" Non à un cinquième mandat ! " A Alger, le 13 mars, les manifestants s'opposent à la candidature d'Abdelaziz Bouteflika et dénoncent son clan. © Z. BENSEMRA/REUTERS

Pourquoi la corruption en Algérie est le ferment de la révolte

Le Vif

L’opacité du système politique favorise malversations et détournements. Des travers que les Algériens veulent voir disparaître.

 » L’époque du cachir, c’est fini !  » D’abord sortis manifester, le 22 février, pour dénoncer la candidature d’Abdelaziz Bouteflika à un cinquième mandat, les dizaines de milliers d’Algériens qui ont pris possession de la rue ont vite étendu leurs récriminations et s’en sont pris à l’ensemble du  » système « . Le cachir, c’est un saucisson halal, distribué lors des meetings électoraux du parti au pouvoir. Au fil du temps, il est devenu un symbole de l’achat de voix et de la corruption.  » La corruption, c’est l’épine dorsale du régime « , soupire Hocine Malti, ancien vice-président de la Sonatrach, la compagnie pétrolière nationale.

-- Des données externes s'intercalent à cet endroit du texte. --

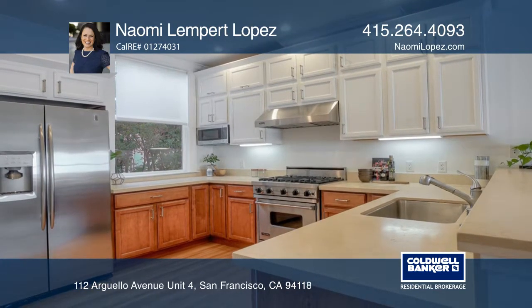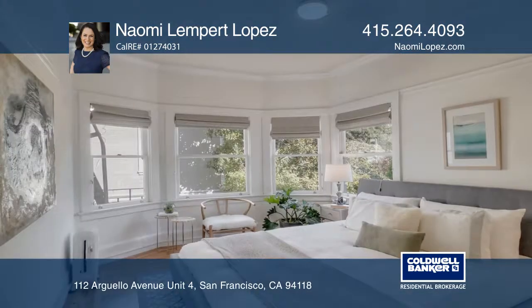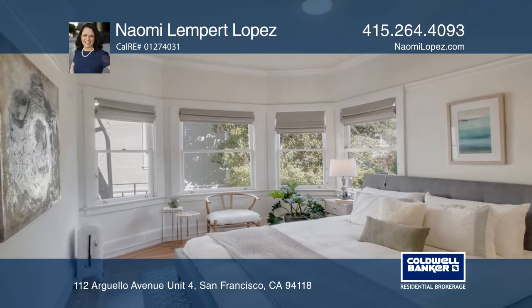The updated open kitchen with soapstone counters, a Viking gas stove and hood, custom cabinets, and a breakfast bar extends to the main living and dining space.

Les détournements de fonds ont toujours existé en Algérie, notamment pendant la période coloniale. Au tournant des années 1990, cependant, la pratique change de nature. Les privatisations et la libéralisation du commerce extérieur voient prospérer les oligarques, hommes d’affaires liés au pouvoir, surnommés les  » barons de l’import-import  » – pour les bénéfices qu’ils tirent de l’importation de marchandises, au détriment de la production locale. En parallèle,  » d’innombrables biens fonciers de l’Etat sont vendus à bas prix. Plusieurs responsables politiques font des acquisitions pour un dinar symbolique « , constate Halim Feddal, de l’Association nationale de lutte contre la corruption (ANLC). A son arrivée au pouvoir, en 1999, Bouteflika promet de combattre ce fléau.  » Mais, peu après l’adhésion du pays à la convention de l’ONU sur la corruption, en 2004, rappelle Halim Feddal, le pouvoir modifie la loi. Le délai de prescription passe de dix à trois ans, et l’inculpation pour corruption est ravalée du rang de « crime » à celui de « délit ». 6 000 procédures judiciaires sont annulées. En 2013, 100 000 opérateurs économiques sont inscrits au fichier des fraudeurs. Cinq ans plus tard, ils sont 120 000. Et encore, il faudrait multiplier par quatre ou cinq ces chiffres officiels !  »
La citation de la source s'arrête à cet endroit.